**What to produce:** Retype each line of the material below word for word; pictures stay out.

**Data extract:**

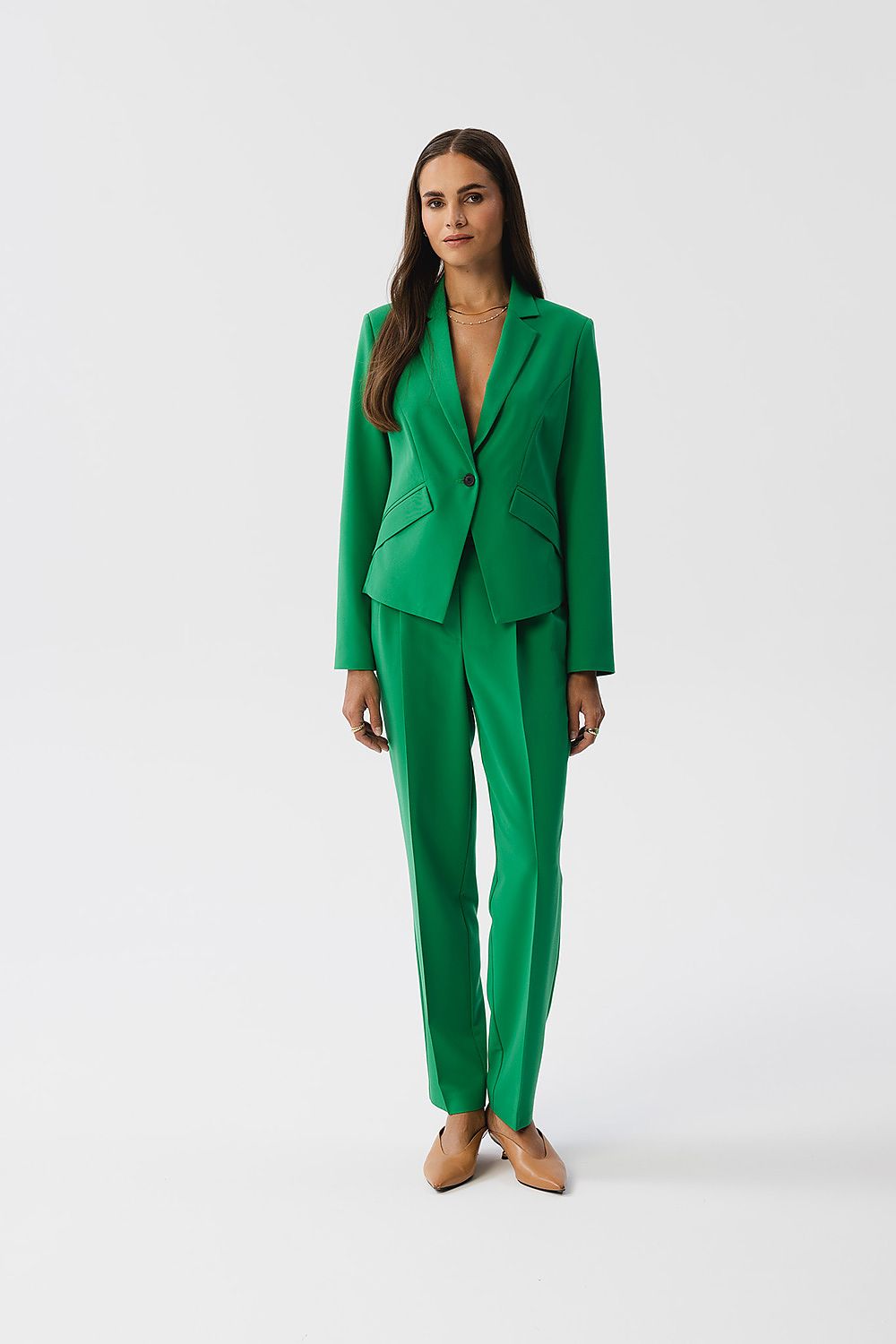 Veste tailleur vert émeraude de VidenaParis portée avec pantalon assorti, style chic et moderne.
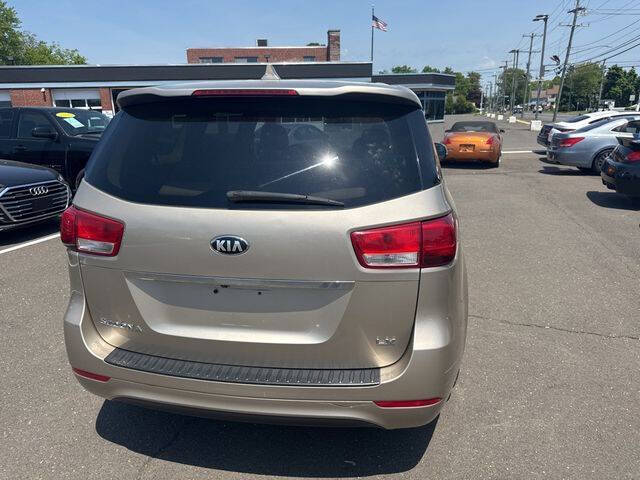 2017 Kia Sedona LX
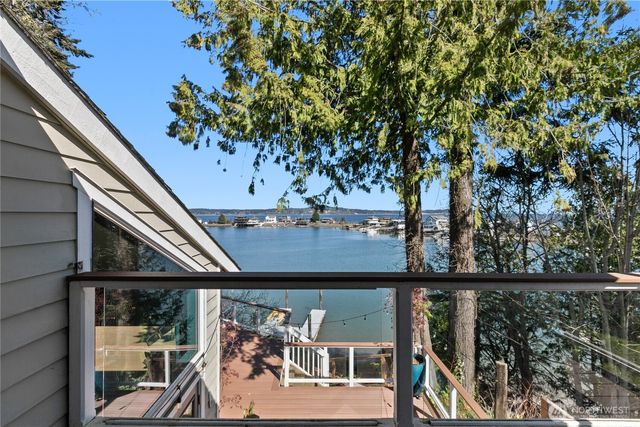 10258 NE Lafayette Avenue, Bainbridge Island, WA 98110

**Exercise response:**
 Veste tailleur vert émeraude de VidenaParis portée avec pantalon assorti, style chic et moderne.
 2017 Kia Sedona LX
 10258 NE Lafayette Avenue, Bainbridge Island, WA 98110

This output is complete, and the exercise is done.